### EXTRACTED INFORMATION
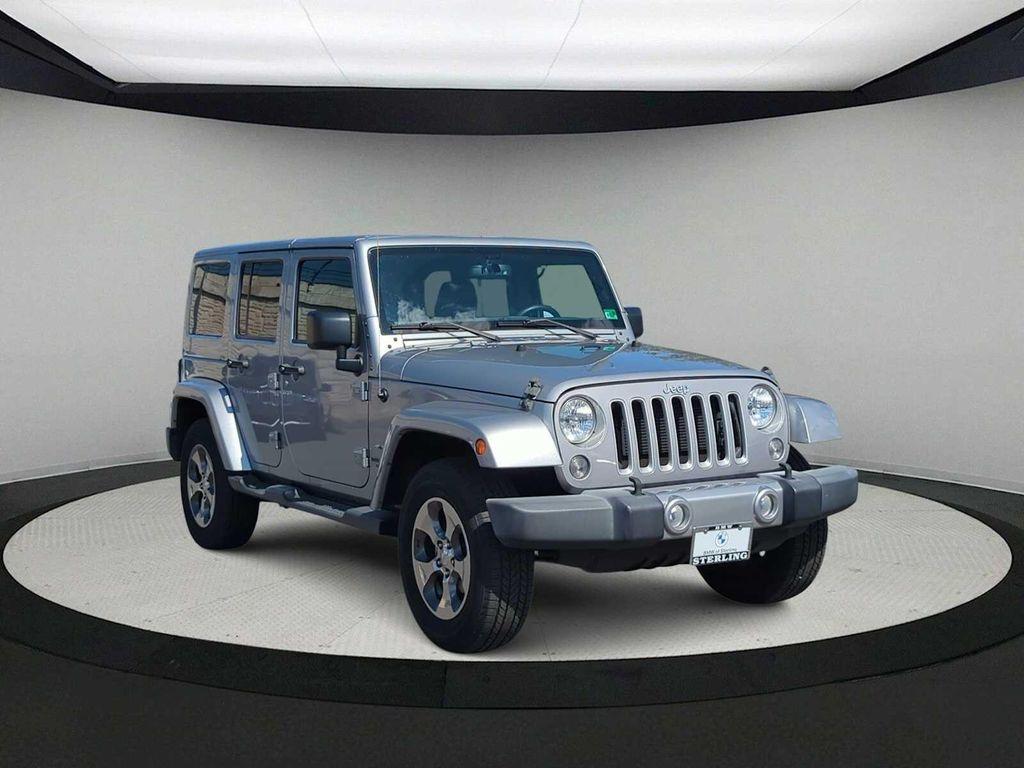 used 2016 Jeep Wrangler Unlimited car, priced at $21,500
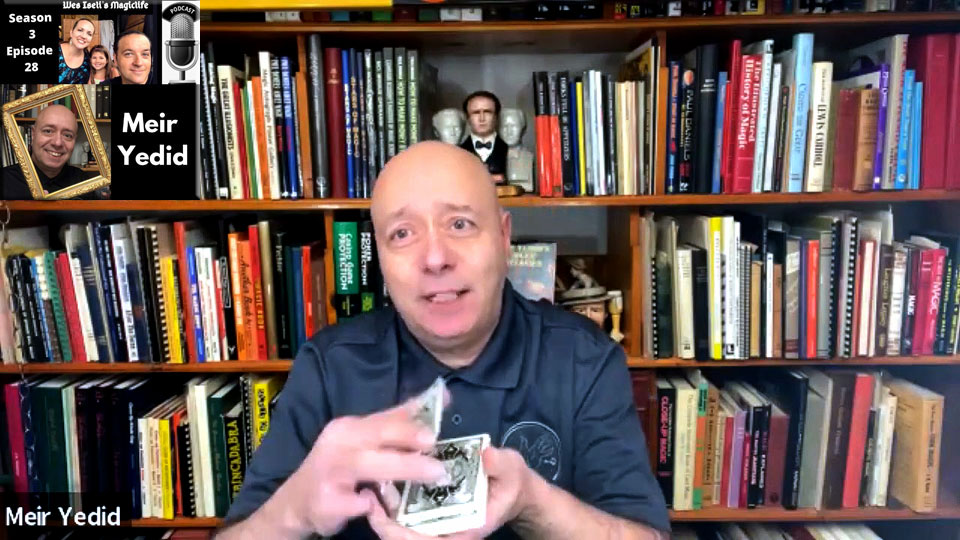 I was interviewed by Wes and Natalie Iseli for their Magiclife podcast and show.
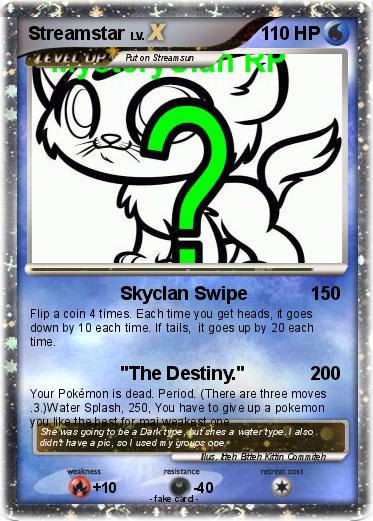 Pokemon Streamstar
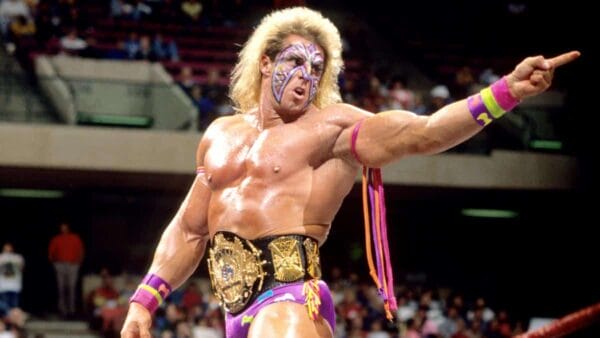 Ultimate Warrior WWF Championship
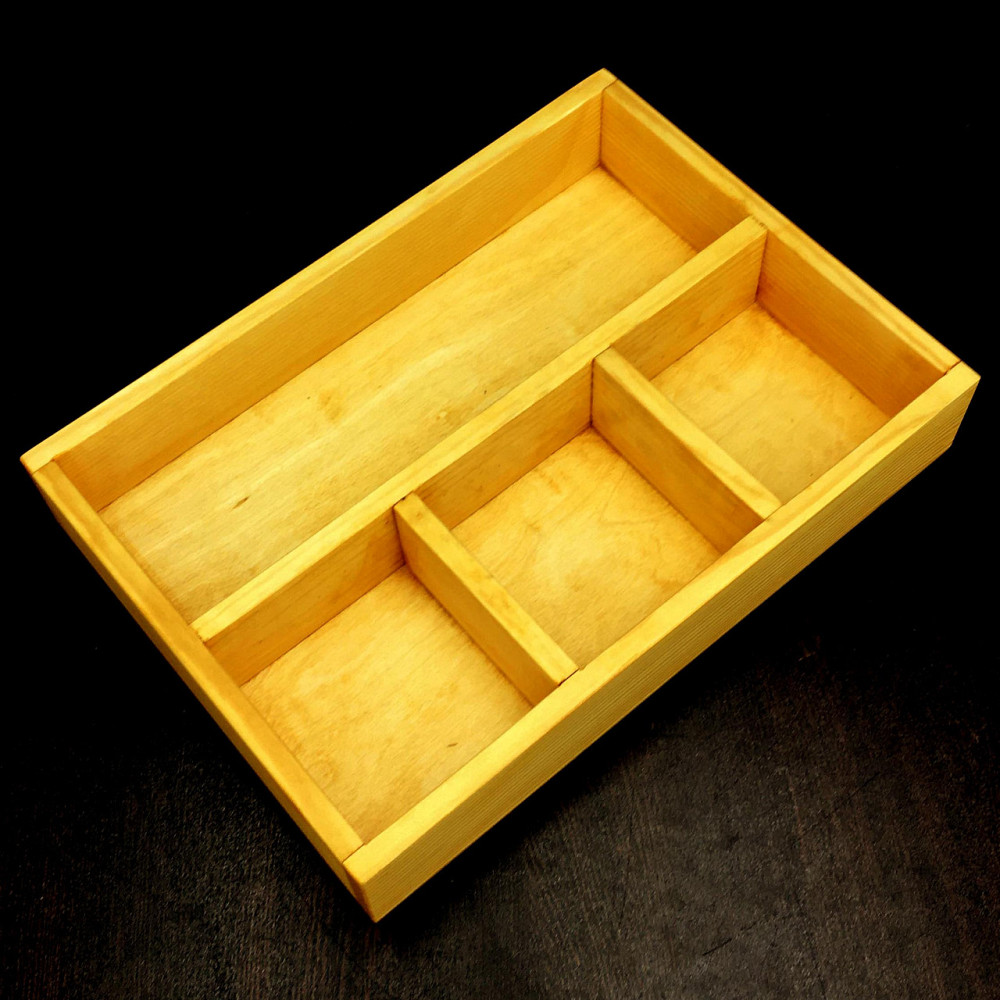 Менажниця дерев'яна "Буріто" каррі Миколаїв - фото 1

---

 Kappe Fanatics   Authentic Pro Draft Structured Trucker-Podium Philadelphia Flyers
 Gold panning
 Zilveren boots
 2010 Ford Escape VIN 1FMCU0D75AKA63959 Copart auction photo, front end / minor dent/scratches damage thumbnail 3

### TASK REQUIREMENTS
Reproduce, word for word, everything in the listing above from the line containing "used 2016 Jeep" down to the line containing "Миколаїв - фото 1", both of them included. No pictures.

### EXERCISE RESULT
 used 2016 Jeep Wrangler Unlimited car, priced at $21,500
 I was interviewed by Wes and Natalie Iseli for their Magiclife podcast and show.
 Pokemon Streamstar
 Ultimate Warrior WWF Championship
 Менажниця дерев'яна "Буріто" каррі Миколаїв - фото 1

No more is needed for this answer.